The Viva Vision canopy roof video display that runs the entire four-block length of the street in downtown Las Vegas is considered the crown jewel of the nightly show. It features high-resolution imagery and nightly programmed rock music video shows, but until late summer, it lacked state-of-the-art concert-quality sound to satisfy the multi-media entertainment experience.
Viva Vision is about 1,500 feet long—making it the largest of its kind in the world—and 90 feet wide. The screen is suspended 90 feet above Fremont Street’s renowned pedestrian mall, lined by some of the world’s most iconic casinos and hotels. The screen contains 12.5 million synchronized LED lamps that create a variety of light shows with high-resolution imagery and 550,000-watt concert-quality sound.
The Viva Vision shows last about six minutes and run every hour between dusk (6 to 8 p.m., depending on the season) and 1 a.m.
Inside the Installation
The job called for 50 speaker clusters along Fremont Street, each with 20 live array modules and one subwoofer. The original timeline for the installation, says Pizzo, was 12 to 18 months but that was quickly abbreviated to six months, which meant working overnight into early morning until wrapping it up in August, beating the accelerated deadline by a few weeks.
Each cluster is comprised of six RCF HDL20-A, active two-way dual 10-inch line array cabinets, with one RCF SUB8005-AS, a single 21-inch active subwoofer. The cluster configurations were designed in partnership with the RCF engineering team to control the sound and keep the volume on the street and not bleeding into the adjacent casinos and retail storefronts.
Here’s a look at the new and improved Fremont Street Experience:
Workers hung about two clusters every eight-hour shift from Main Street to 4th Street, says Pizzo. They pulled new fiber-optic cable from 4th Street to the Viva Vision canopy, creating 48 new wings to carry digital audio across thousands of feet, and replaced the old amplifier system along Fremont Street with self-powered boxes.
“Once the first 20 percent of the clusters were installed, we had a good system in place with little challenges,” says Pizzo. “The clarity was gone. [The old speakers] had definitely lived their lives well. You don’t usually notice how bad the old stuff sounds until you hear the new stuff.”
Along the way, installers cut out the old steel and painted the shackles black, says Pizzo.
“It’s been really transparent,” he says.
Once the speaker clusters were installed, Pizzo developed the DSP programming in the BSS network running the system. Steve Winchester of the Fremont Street Experience integrated the BSS system into the existing audio system, overcoming what Pizzo describes as “a few minor technical glitches within the network,” but he quickly resolved them.
“It’s such a major upgrade for us,” says Pizzo. “All we do at Fremont Street benefits greatly from the new system.”

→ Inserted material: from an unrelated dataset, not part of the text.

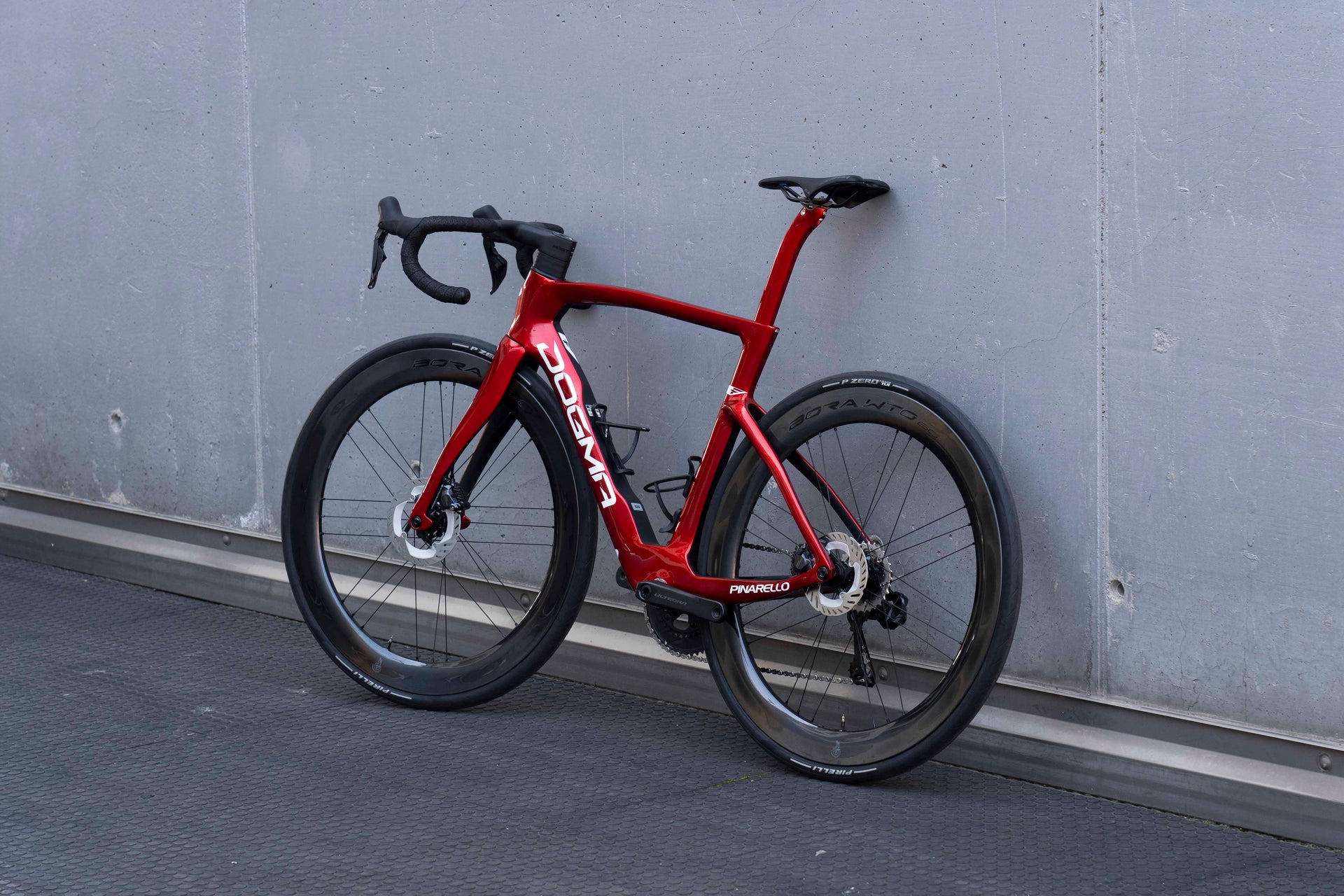 Non-drive side view of the Pinarello Dogma F premium carbon complete road bicycle featuring deep-section Campagnolo wheels, assembled by Cicli Corsa.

RCF national sales manager Tarik Solangi says the Fremont Street Experience installation is “one of the most prominent installations RCF has done in the United States, and certainly one of the largest.”
The three live music stages along Fremont Street also are equipped with RCF gear. The main stage features 20 HDL50-A speakers, eight TT25-CXA monitor speakers and 10 SUB9007-AS high-power subwoofers.
Stage 2 features 16 HDL20-A speakers, five TT25CXA monitor speakers and eight SUB8006-AS subwoofers, while Stage 3 includes eight HDL20-A speakers, four HDL18-AS speakers, six ST12-SMA active stage monitors and three TTS36-A subwoofers.
“The last three years, we’ve revamped all of it,” says Pizzo. “It’s happened really quickly.”